Saudi Arabia Mathematical Competitions 2012

The answer is $n=1$, $n=4$, or $n$ is any prime number. Let $S$ be the set of integers less than $n$ and relatively prime to $n$, and let $T$ be the set of integers that are positive divisors of $n$. Then $$(i)|S|=\varphi (n)\text{ and }|T|=\tau (n),$$ $$(ii)S,T\subseteq \{1,2,\dots ,n\},\text{ and}$$ $$(iii)S\cap T=\{1\}.$$ We require $|S|+|T|>n$. By the principle of inclusion-exclusion, $|S|+|T|-|S\cap T|=|S\cup T|$. We know $|S\cap T|=1$, and by $S,T\subseteq \{1,2,\dots ,n\}$, we have $|S\cup T|\le n$. Therefore $|S|+|T|>n$ if and only if $|S\cup T|=n$, meaning that every positive integer in $\{1,2,\dots ,n\}$ is either relatively prime to $n$ or a divisor of $n$. It is easy to check that this is true for $n=1$, $n$ prime, and $n=4$. Now suppose $n$ is a composite number.

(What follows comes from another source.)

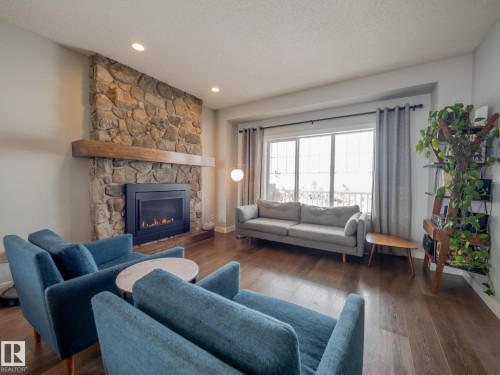 289 Hawks Ridge Boulevard, Edmonton, AB - Indoor Photo Showing Living Room With Fireplace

Let $d$ be the smallest divisor of $n$ greater than $1$. $d<n$ since $n$ is not prime. Consider $n-d$. We have $\gcd (n-d,n)=d>1$, so $n-d$ must be a divisor of $n$. But $n=kd$ for some $k$, so if $n-d$ divides $n$ then we have an $m$ such that $m(kd-d)=kd$. This gives $m(k-1)=k$. This is only possible for $k=2$, so $n=2d$.

Then since $n$ is even, $2$ is the smallest divisor of $n$ greater than $1$ and $d=2$. Therefore $n=4$, and this is the only composite number that works.